Located pretty much to the north of Achnaha and to the south of the island of Eigg, Bo Faskadale is one of the large pinnacles in the area. Widely regarded as one of the best scenic and wall dives in Scotland, the walls plummet to depths of some 50 metres. While the recreational divers would spend their dives in the shallow and lighter depths, Pete, Jamie and Artur would try and dive to the seabed. With the pinnacle breaking the water at low spring tides, there was some allusion that there would be a wreck down there. 

This morning’s weather, albeit overcast, was flat calm and ideal waters for a dive here. No wreck was found by the wreckies, though the photographers found ample squishy stuff.

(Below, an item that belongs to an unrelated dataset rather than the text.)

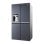 Frigorifero side-by-side Haier Cube 90 Series 7 HCR7918EIMB Libera installazione 601 LE Nero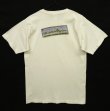 画像1: 90'S PATAGONIA ロゴプリント 半袖 Tシャツ ホワイト USA製 (VINTAGE)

“Day three of six of our Honeydew Adventure Charters liveaboard charter and dive six complete. After leaving Tobermory and a dive on the Pelican wreck post breakfast, this afternoon’s dive was to the Bo Faskadale pinnacle, outside of the Sound of Mull and in a north easterly direction past Ardnamurchan Point; the furthermost point on the British mainland. Just breaching the surface in low springs, the pinnacle drops to some +50m. While most remained in the shallower depths, three divers opted to descend the full depth to 51m to a sandy/shingle bottom with some scallops. Visibility between 5m to 12m at various depths, temperatures between 12degC and 13degC. Photos courtesy of Tom Ingram’s cutting room while he wasn’t looking. We are presently en-route to Mallaig where we shall spend the night. Tomorrow is midsummer longest day and winds mandate we will not make Coll as expected. So it’s back to Tobermory for our third evening this week.” – Facebook Post

Dive Report by Tom Ingram

Pardon the pun, but an off the chart wall dive at Bo Faskadale, one of the most rated pinnacle dives in the uk due to it’s isolated location lying just north of the most western part of the uk. Rising up from 50metres to just under the surface. Thanks to my buddies Sarah Chan and Gordon Simpson for a outstanding dive.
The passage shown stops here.